▶ Prompt:
The answer is a single figure: how many lines below contain the word "Short".

○ ○ ○

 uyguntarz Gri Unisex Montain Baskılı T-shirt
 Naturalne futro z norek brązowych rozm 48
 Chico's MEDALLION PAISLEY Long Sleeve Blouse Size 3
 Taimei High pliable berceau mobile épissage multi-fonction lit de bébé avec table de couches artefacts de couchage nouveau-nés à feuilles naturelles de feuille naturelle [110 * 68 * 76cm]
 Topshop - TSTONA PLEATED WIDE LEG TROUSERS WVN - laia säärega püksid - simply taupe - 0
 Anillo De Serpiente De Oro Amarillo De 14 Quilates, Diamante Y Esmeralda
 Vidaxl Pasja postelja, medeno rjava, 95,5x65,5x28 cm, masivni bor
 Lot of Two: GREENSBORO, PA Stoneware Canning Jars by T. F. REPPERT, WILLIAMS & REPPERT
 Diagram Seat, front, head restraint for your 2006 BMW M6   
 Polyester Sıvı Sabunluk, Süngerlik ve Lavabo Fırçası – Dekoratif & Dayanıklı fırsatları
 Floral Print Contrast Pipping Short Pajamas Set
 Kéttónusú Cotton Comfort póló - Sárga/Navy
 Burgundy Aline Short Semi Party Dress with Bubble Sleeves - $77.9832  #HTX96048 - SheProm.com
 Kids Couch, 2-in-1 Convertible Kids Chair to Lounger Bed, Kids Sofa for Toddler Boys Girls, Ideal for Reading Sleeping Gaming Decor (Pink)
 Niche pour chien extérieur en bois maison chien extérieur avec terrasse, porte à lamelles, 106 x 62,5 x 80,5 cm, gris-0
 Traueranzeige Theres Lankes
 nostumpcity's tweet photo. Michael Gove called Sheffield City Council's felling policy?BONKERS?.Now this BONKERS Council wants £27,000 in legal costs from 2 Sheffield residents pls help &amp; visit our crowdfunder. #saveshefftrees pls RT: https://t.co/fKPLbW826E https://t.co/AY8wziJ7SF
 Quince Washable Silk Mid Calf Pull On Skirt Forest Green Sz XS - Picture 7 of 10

○ ○ ○

▶ Answer section:
2